WORK TASK:
Every line from the beginning of the records below up to the one holding "Rotgold 585 Damenring mit Zirkonia und Topas" should be quoted exactly; leave out the rest.

Crawled caption data:
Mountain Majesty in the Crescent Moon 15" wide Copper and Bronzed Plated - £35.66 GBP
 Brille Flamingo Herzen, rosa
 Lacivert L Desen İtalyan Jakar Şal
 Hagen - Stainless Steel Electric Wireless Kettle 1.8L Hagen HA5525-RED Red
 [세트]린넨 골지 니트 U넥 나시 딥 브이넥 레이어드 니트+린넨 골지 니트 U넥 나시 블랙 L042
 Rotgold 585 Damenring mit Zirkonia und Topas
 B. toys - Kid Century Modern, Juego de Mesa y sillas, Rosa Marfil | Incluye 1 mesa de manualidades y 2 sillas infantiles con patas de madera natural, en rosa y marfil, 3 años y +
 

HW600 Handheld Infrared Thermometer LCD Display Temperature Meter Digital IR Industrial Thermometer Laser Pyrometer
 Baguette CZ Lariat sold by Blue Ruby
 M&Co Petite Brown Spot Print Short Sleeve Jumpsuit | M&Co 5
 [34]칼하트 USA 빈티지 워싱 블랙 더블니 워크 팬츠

OUTPUT OF THE TASK:
Mountain Majesty in the Crescent Moon 15" wide Copper and Bronzed Plated - £35.66 GBP
 Brille Flamingo Herzen, rosa
 Lacivert L Desen İtalyan Jakar Şal
 Hagen - Stainless Steel Electric Wireless Kettle 1.8L Hagen HA5525-RED Red
 [세트]린넨 골지 니트 U넥 나시 딥 브이넥 레이어드 니트+린넨 골지 니트 U넥 나시 블랙 L042
 Rotgold 585 Damenring mit Zirkonia und Topas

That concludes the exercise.